**Exercise description:**
Here the job is to transcribe only the lines from the one containing "ヒメ日記 2024/12/31 20:16 投稿 乙葉めぐみ MADAM" through the last line below, exactly as written; please leave out pictures.

Short text fragments from websites
• • •

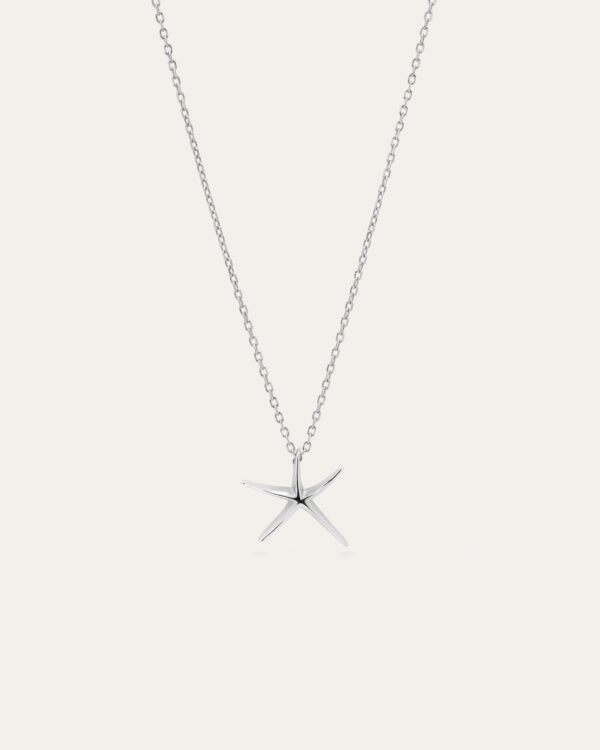 Collar étoile silver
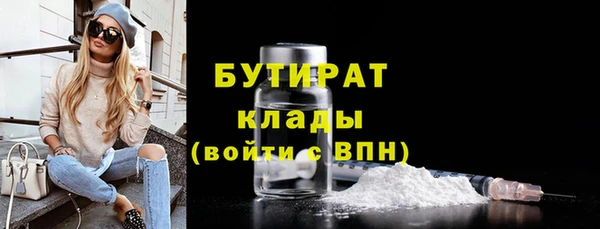 индика Горнозаводск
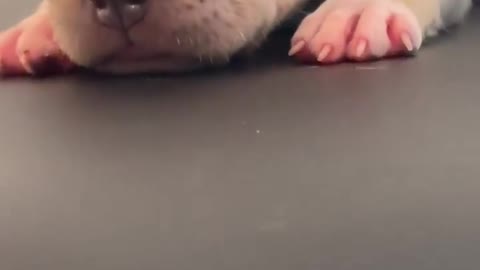 this is sooooo Cute!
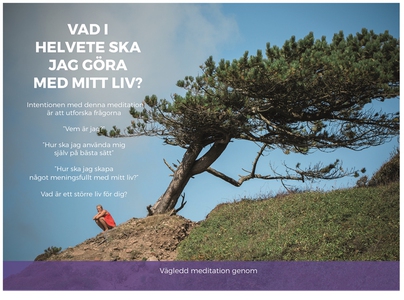Vad i helvete ska jag göra med mitt liv? (ljudb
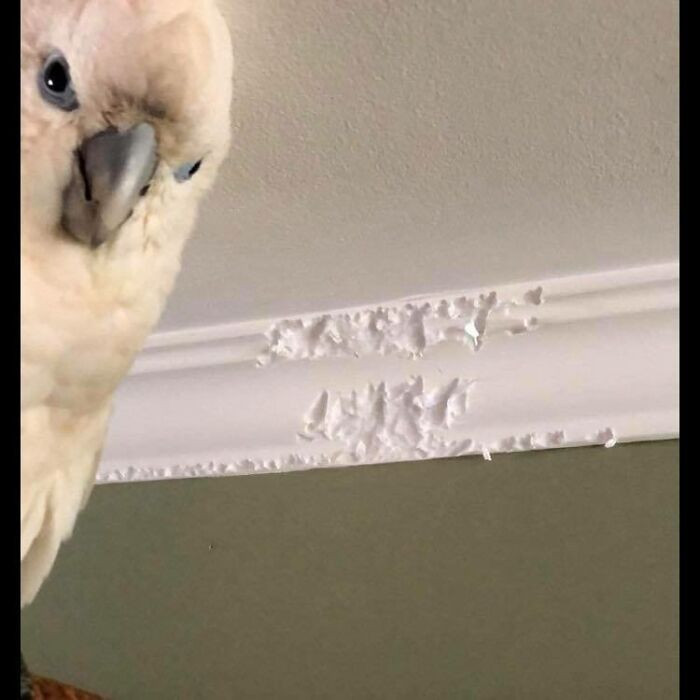 33. Because it's there and I can...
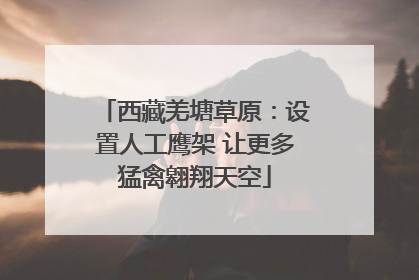 西藏羌塘草原：设置人工鹰架 让更多猛禽翱翔天空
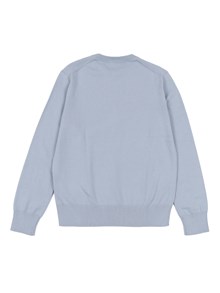 POLO RALPH LAUREN LS CN-TOPS-SWEATER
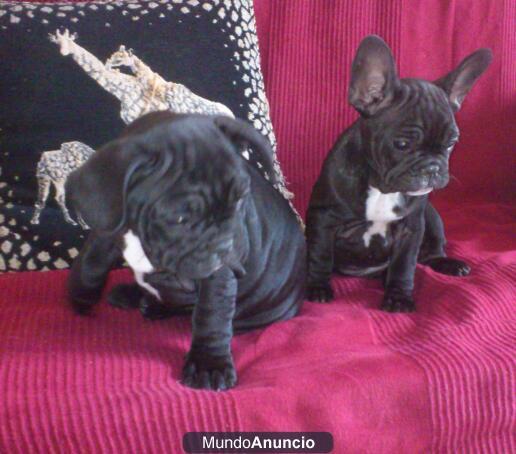 CACHORROS BOLLDOG FRANCES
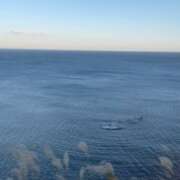 ヒメ日記 2024/12/31 20:16 投稿 乙葉めぐみ MADAM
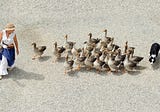 Social Regression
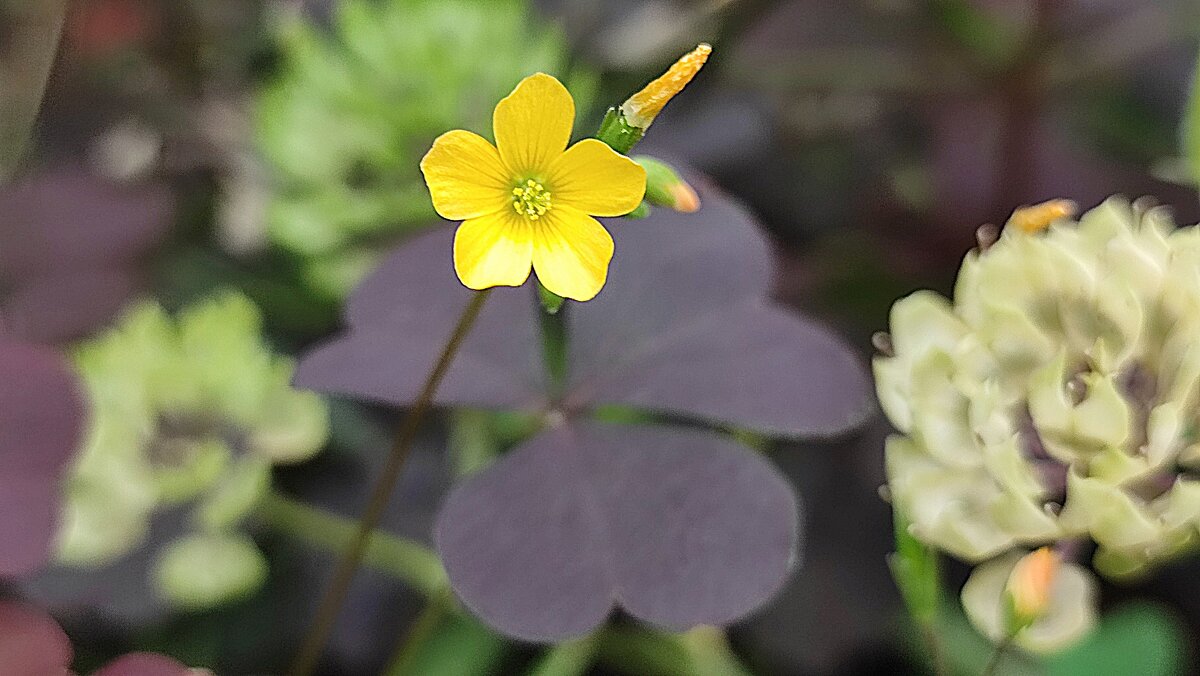 ,,, - Сергей Тимоновский ,,, - Сергей Тимоновский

• • •

**Problem solution:**
 ヒメ日記 2024/12/31 20:16 投稿 乙葉めぐみ MADAM
 Social Regression
 ,,, - Сергей Тимоновский ,,, - Сергей Тимоновский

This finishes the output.